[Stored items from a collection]

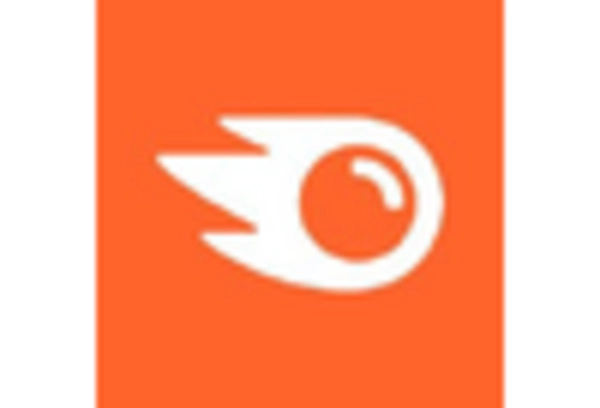 SEO and SEM Services Market key player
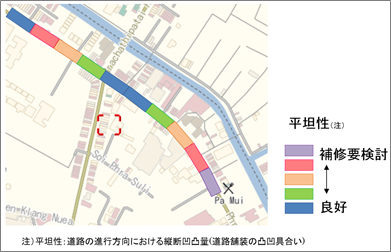 インクリメントＰと富士通交通・道路データサービスタイで舗装劣化状況把握技術の実証実験をスタート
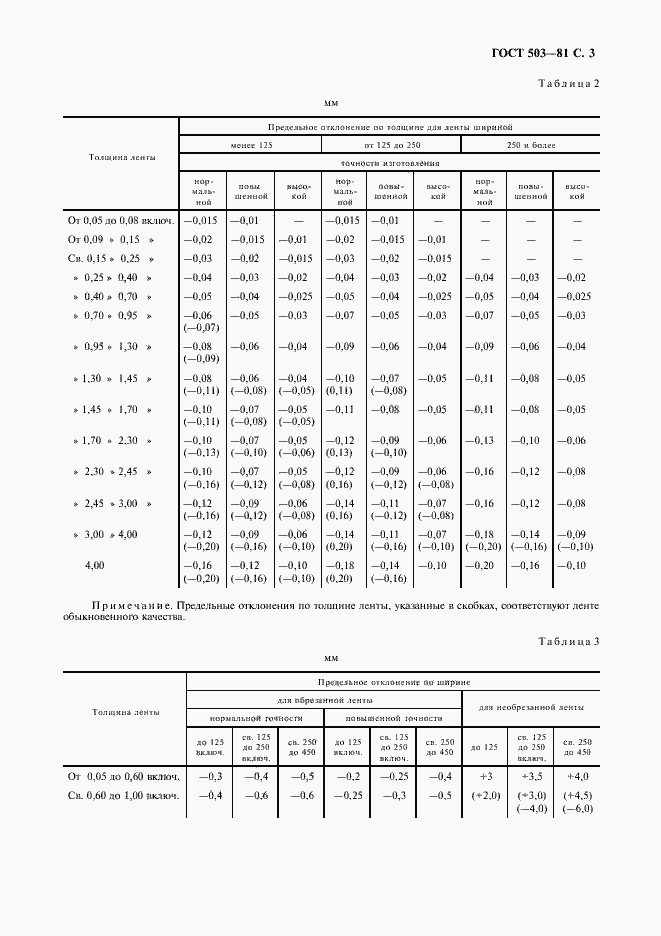 Страница 4 ГОСТ 503-81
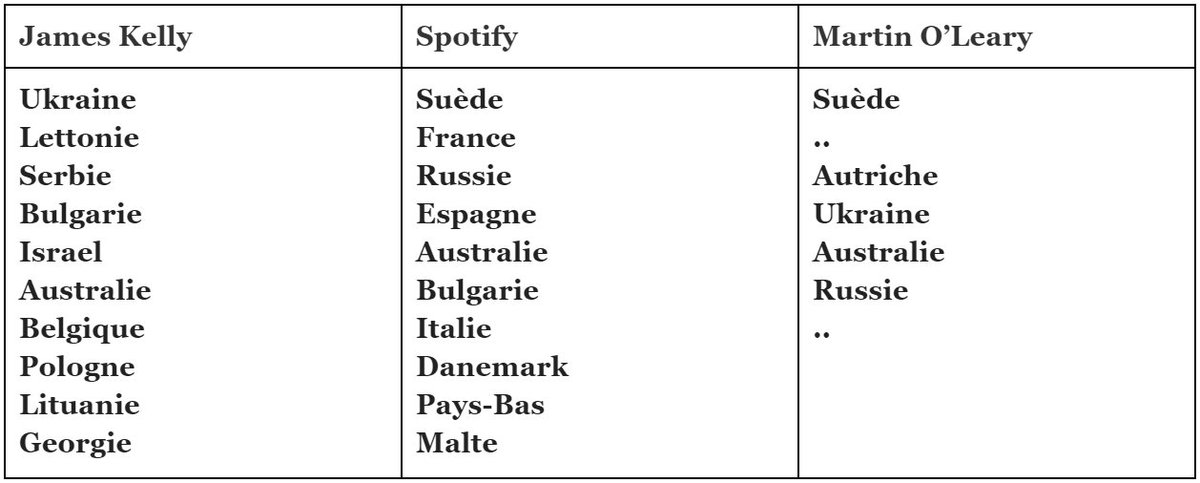 jcunniet's tweet image. Voici la prédiction des gagnants #eurovision 2016 : L&apos;analyse #AnalysePredictive #BigData linkedin.com/pulse/et-si-la…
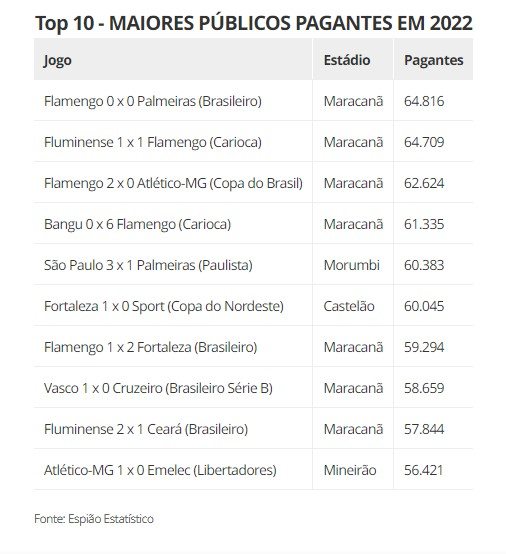 Maiores públicos de 2022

**Work order:** Would you retype the lines from the line containing "インクリメントＰと富士通交通" to the final line of the entries above, exactly as given and without pictures?

**Output of the exercise:**
 インクリメントＰと富士通交通・道路データサービスタイで舗装劣化状況把握技術の実証実験をスタート
 Страница 4 ГОСТ 503-81
 jcunniet's tweet image. Voici la prédiction des gagnants #eurovision 2016 : L&apos;analyse #AnalysePredictive #BigData linkedin.com/pulse/et-si-la…
 Maiores públicos de 2022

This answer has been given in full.